5.2.1. Identification of Adakite

The adakite rock type was initially identified by Defant and Drummond [52] as volcanic or plutonic rocks derived from partial melting of young (<25 Ma) hot oceanic crust under eclogite facies conditions. Later, it broadly referred to intermediate-acidic rocks with specific geochemical characteristics, characterized by Sr > 3 ppm, Y < 20 ppm, Yb < 2 ppm, and MgO < 3 wt.% [50,51,55]. Subsequently, scholars proposed dividing adakites into O-type and C-type based on their geochemical characteristics. O-type adakites, associated with slab partial melting, require higher pressures for formation and are characterized by Na enrichment, representing the classical adakites. On the other hand, C-type adakites, enriched in K, possibly originate from partial melting of thickened continental crust (>50 km) or delaminated lower crust mafic rocks, unrelated to slab melting [56,57,58,59,60,61,62,63]. Some researchers suggest that adakites may result from complex mantle-derived mafic magma high-pressure crystallization in island arc settings [64,65,66]. Based on geochemical characteristics, Martin et al. [53] classified adakites into High-SiO2 adakites and Low-SiO2 adakites. High-SiO2 adakites mainly originate from subducted oceanic crust, while Low-SiO2 adakites are derived from mantle peridotite and typically exhibit higher MgO contents.

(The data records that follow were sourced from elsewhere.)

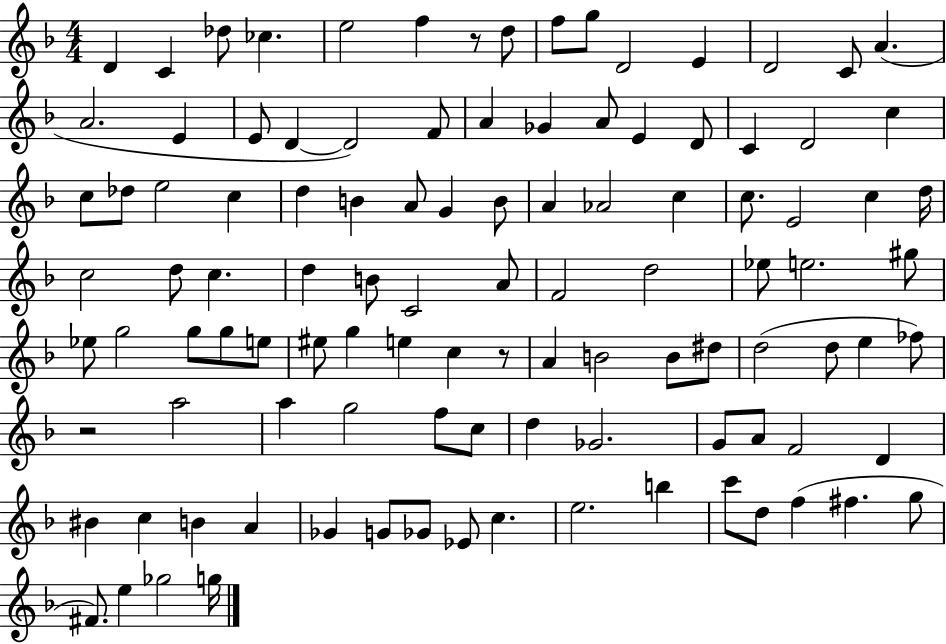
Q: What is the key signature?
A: F major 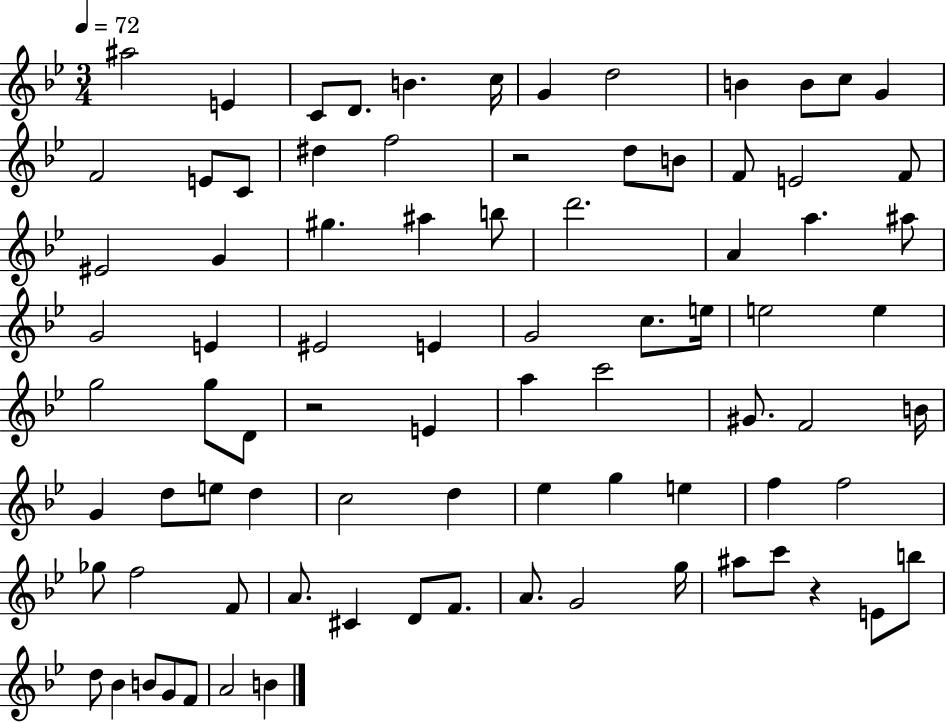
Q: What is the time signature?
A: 3/4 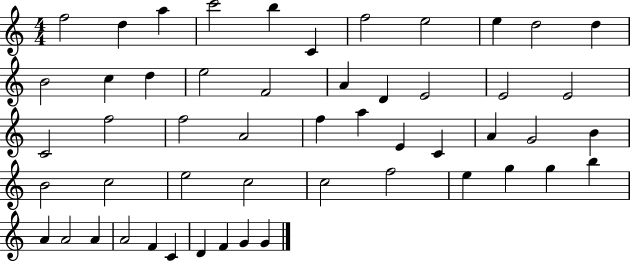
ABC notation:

X:1
T:Untitled
M:4/4
L:1/4
K:C
f2 d a c'2 b C f2 e2 e d2 d B2 c d e2 F2 A D E2 E2 E2 C2 f2 f2 A2 f a E C A G2 B B2 c2 e2 c2 c2 f2 e g g b A A2 A A2 F C D F G G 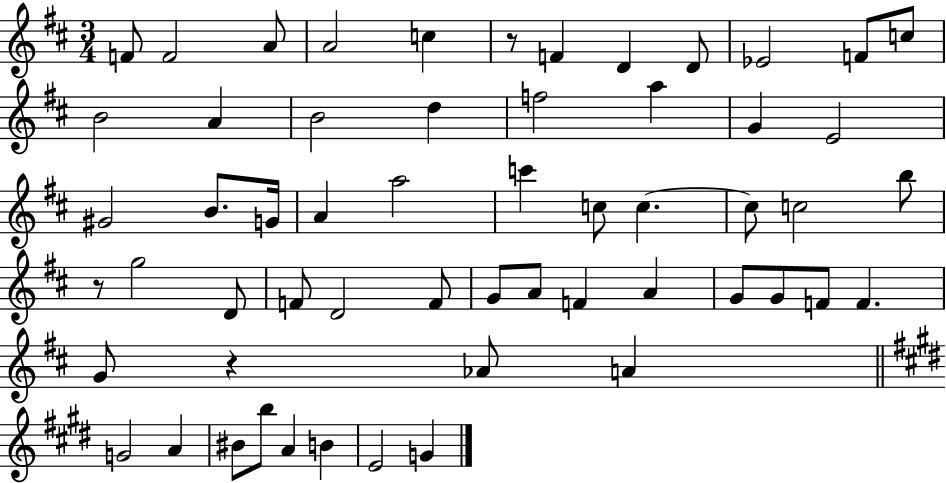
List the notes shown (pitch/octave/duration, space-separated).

F4/e F4/h A4/e A4/h C5/q R/e F4/q D4/q D4/e Eb4/h F4/e C5/e B4/h A4/q B4/h D5/q F5/h A5/q G4/q E4/h G#4/h B4/e. G4/s A4/q A5/h C6/q C5/e C5/q. C5/e C5/h B5/e R/e G5/h D4/e F4/e D4/h F4/e G4/e A4/e F4/q A4/q G4/e G4/e F4/e F4/q. G4/e R/q Ab4/e A4/q G4/h A4/q BIS4/e B5/e A4/q B4/q E4/h G4/q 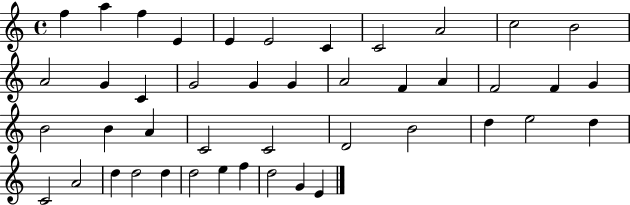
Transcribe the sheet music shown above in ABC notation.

X:1
T:Untitled
M:4/4
L:1/4
K:C
f a f E E E2 C C2 A2 c2 B2 A2 G C G2 G G A2 F A F2 F G B2 B A C2 C2 D2 B2 d e2 d C2 A2 d d2 d d2 e f d2 G E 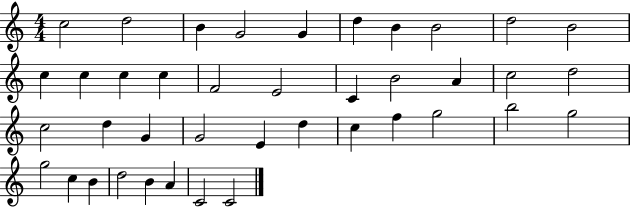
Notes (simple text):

C5/h D5/h B4/q G4/h G4/q D5/q B4/q B4/h D5/h B4/h C5/q C5/q C5/q C5/q F4/h E4/h C4/q B4/h A4/q C5/h D5/h C5/h D5/q G4/q G4/h E4/q D5/q C5/q F5/q G5/h B5/h G5/h G5/h C5/q B4/q D5/h B4/q A4/q C4/h C4/h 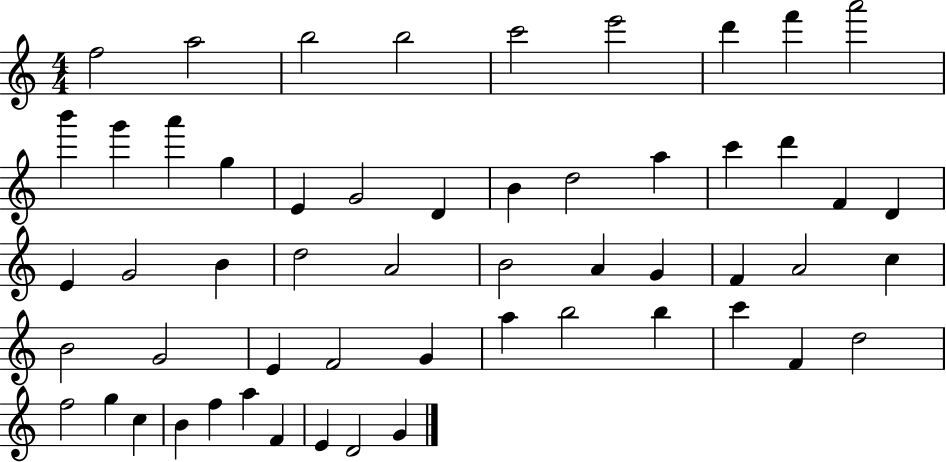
{
  \clef treble
  \numericTimeSignature
  \time 4/4
  \key c \major
  f''2 a''2 | b''2 b''2 | c'''2 e'''2 | d'''4 f'''4 a'''2 | \break b'''4 g'''4 a'''4 g''4 | e'4 g'2 d'4 | b'4 d''2 a''4 | c'''4 d'''4 f'4 d'4 | \break e'4 g'2 b'4 | d''2 a'2 | b'2 a'4 g'4 | f'4 a'2 c''4 | \break b'2 g'2 | e'4 f'2 g'4 | a''4 b''2 b''4 | c'''4 f'4 d''2 | \break f''2 g''4 c''4 | b'4 f''4 a''4 f'4 | e'4 d'2 g'4 | \bar "|."
}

Considering the above studies, the formation of adakites can be summarized into three main types: (1) partial melting of subducted oceanic slab; (2) basaltic intrusion and partial melting of mantle or lower crust ultramafic and mafic rocks; (3) crystallization under high-pressure conditions in the initial arc magma of island arc settings [67,68]. The classification of adakites indicates that O-type adakites and High-SiO2 adakites share similar chemical characteristics, both representing Na-enriched oceanic crust-derived adakitic rocks, consistent with the original definition of adakites, referred to as “typical adakites” [54].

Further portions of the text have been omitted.